Git commit c735faf5a6a3ef3d29882552ad0a9264a294e038 by Nate Graham, on behalf of Tomáš Trnka. Committed on 07/09/2023 at 17:52. Pushed by ngraham into branch 'master'. Use the FSID as the device identifier where possible The device number returned by stat() in st_dev is not persistent in many cases.

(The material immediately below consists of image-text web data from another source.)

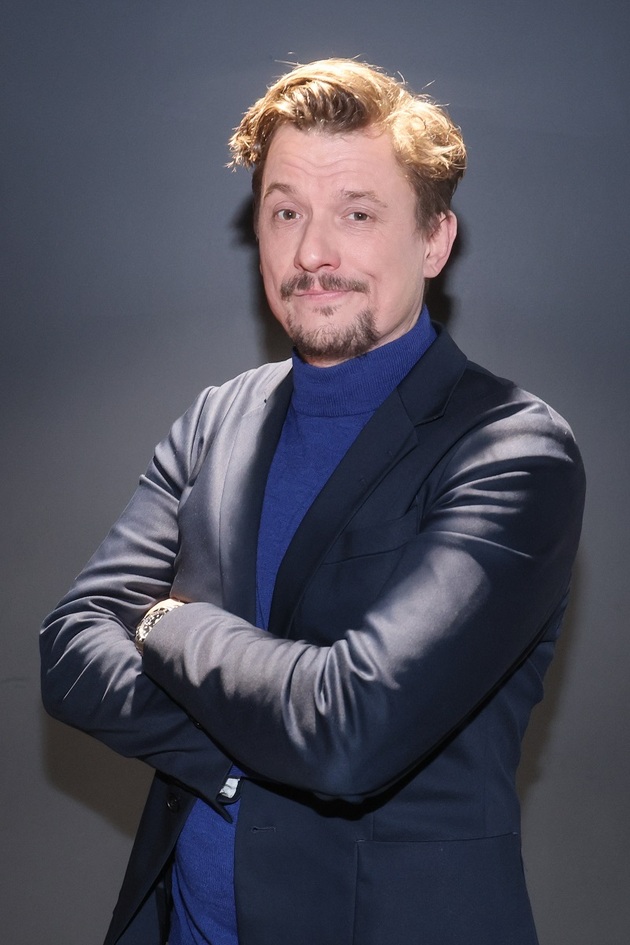 Tři dvojky má v datu narození herec Tomáš Měcháček, kterému bude v sobotu 46 let. Rodák z Ústí se proslavil účinkováním v reklamě a eskapádami ve Varech. Na svém kontě ale má i mnoho kvalitních hereckých výkonů.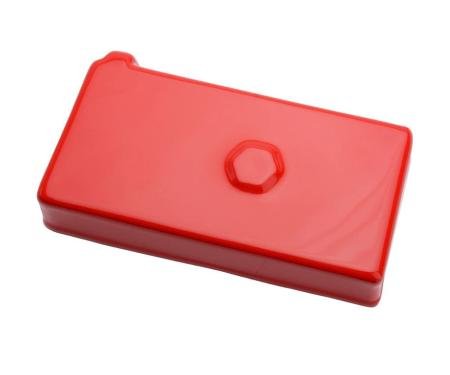 1997-2004 Smoothie Fuse Box Cover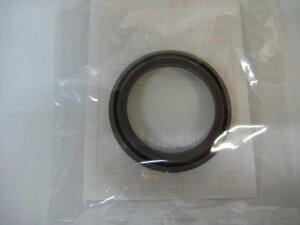 ^CK[iFpbL/MJA1099XeX~j{gpk5g-1lk[֑Ήl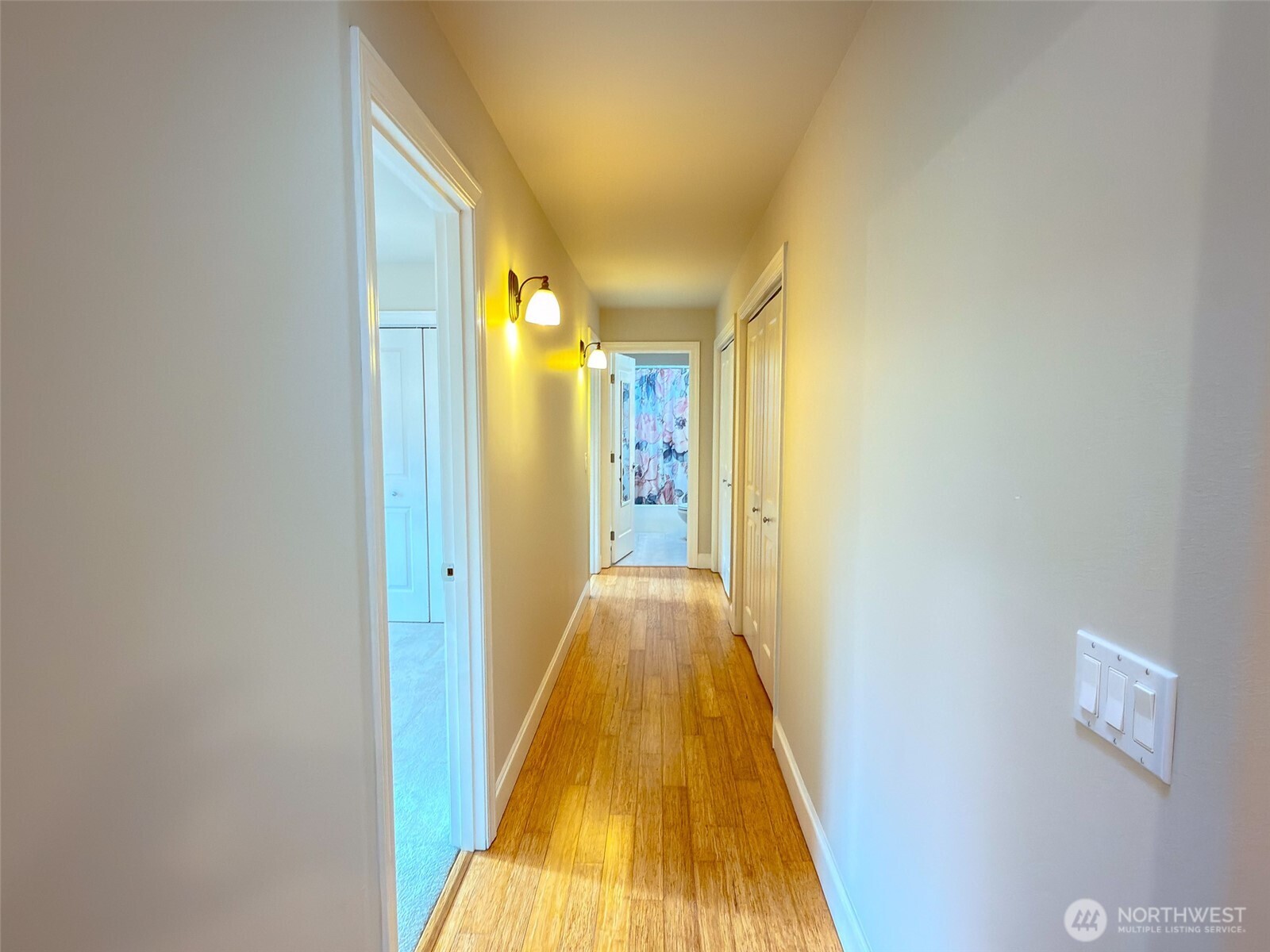 31 Opal Lane , Sequim, WA 98382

Btrfs subvolumes or partitions on NVMe devices are assigned device numbers dynamically, so the resulting device ID is typically different after every reboot, forcing Baloo to repeatedly reindex all files. Fortunately, filesystems like Btrfs or ext4 return a persistent unique filesystem ID as f_fsid from statvfs(), so we can use that when available. Other filesystems like XFS derive the FSID from the device number of the underlying block device, so switching to the FSID does not change anything. Related: bug 402154 M +21 -1 src/engine/idutils.h https://invent.kde.org/frameworks/baloo/-/commit/c735faf5a6a3ef3d29882552ad0a9264a294e038
A possibly relevant merge request was started @ https://invent.kde.org/frameworks/baloo/-/merge_requests/169
Git commit 7a1c09ed1b7aa9a7a093f8d715b42a4aedd0f7b6 by Nate Graham, on behalf of Tomáš Trnka. Committed on 07/09/2023 at 17:54. Pushed by ngraham into branch 'kf5'. Use the FSID as the device identifier where possible The device number returned by stat() in st_dev is not persistent in many cases. Btrfs subvolumes or partitions on NVMe devices are assigned device numbers dynamically, so the resulting device ID is typically different after every reboot, forcing Baloo to repeatedly reindex all files. Fortunately, filesystems like Btrfs or ext4 return a persistent unique filesystem ID as f_fsid from statvfs(), so we can use that when available. Other filesystems like XFS derive the FSID from the device number of the underlying block device, so switching to the FSID does not change anything. Related: bug 402154 (cherry picked from commit c735faf5a6a3ef3d29882552ad0a9264a294e038) M +21 -1 src/engine/idutils.h https://invent.kde.org/frameworks/baloo/-/commit/7a1c09ed1b7aa9a7a093f8d715b42a4aedd0f7b6
Can this important fix be backported to Frameworks 5.x?